Start of Dataset extract
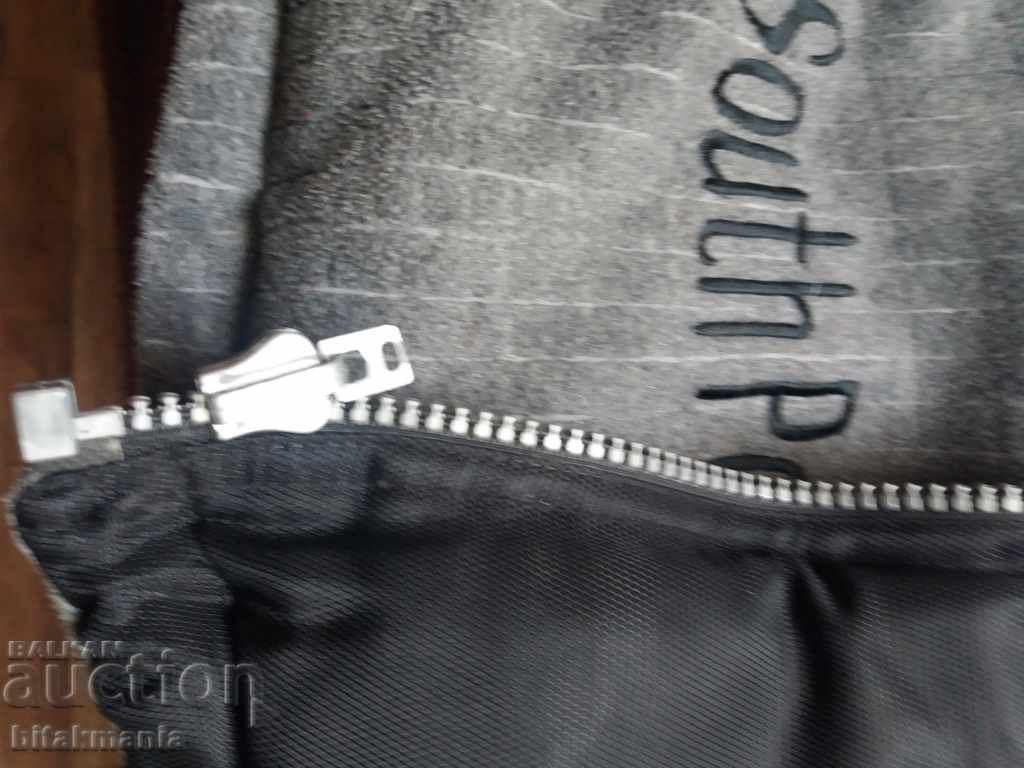 Thick mountain jacket - read the terms of the auction with price 12.99 BGN | € 6.64 Thick mountain jacket - read the terms of the auction with price 12.99 BGN | € 6.64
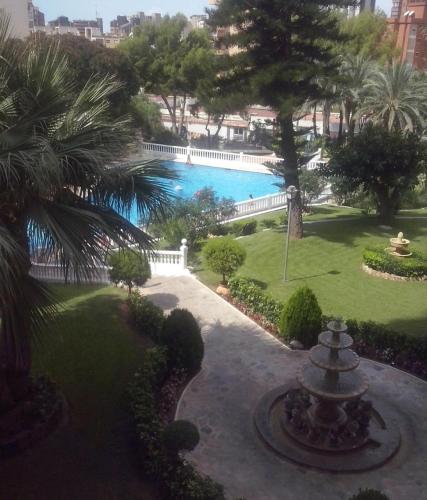 Apartamento en Benidorm con piscina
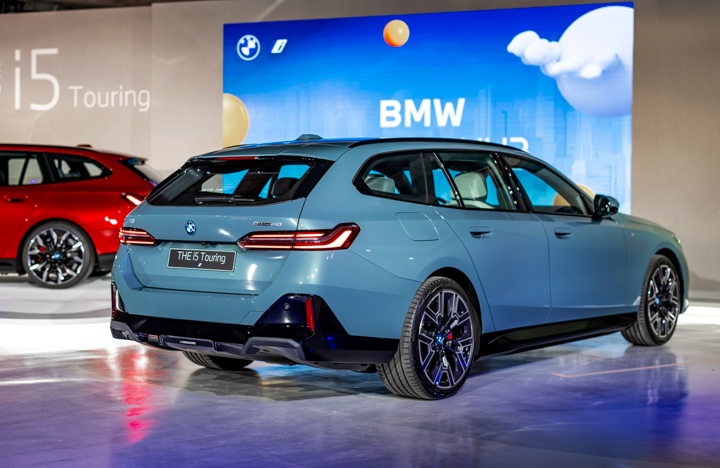 BMW i5 Touring 式在台上市，國內首輛純電豪華旅行車、售價新台幣 335 萬起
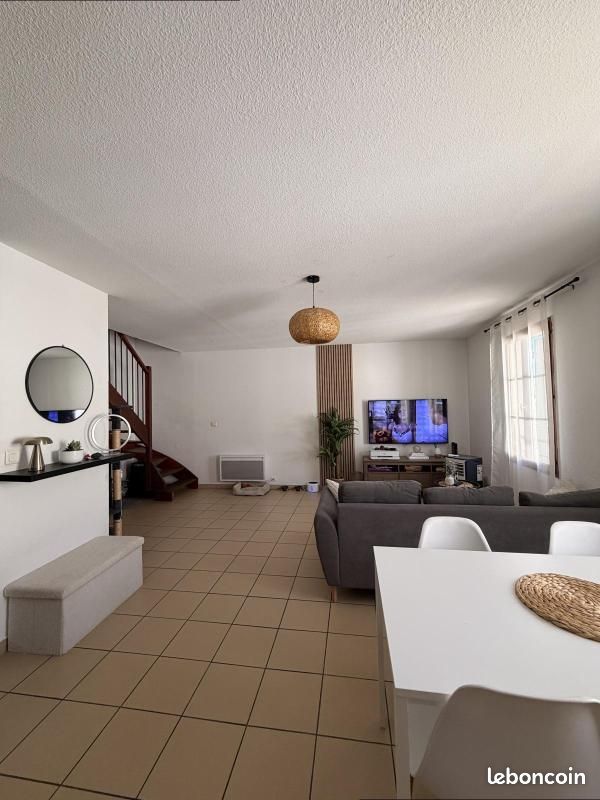 Appartement 3 pièces 60 m² · à Sommières · 60 m² · 694 €/mois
End of Dataset extract
**Instructions for the task**
Could you give back the full listing word for word, leaving out the images?

**Task output**
 Thick mountain jacket - read the terms of the auction with price 12.99 BGN | € 6.64 Thick mountain jacket - read the terms of the auction with price 12.99 BGN | € 6.64
 Apartamento en Benidorm con piscina
 BMW i5 Touring 式在台上市，國內首輛純電豪華旅行車、售價新台幣 335 萬起
 Appartement 3 pièces 60 m² · à Sommières · 60 m² · 694 €/mois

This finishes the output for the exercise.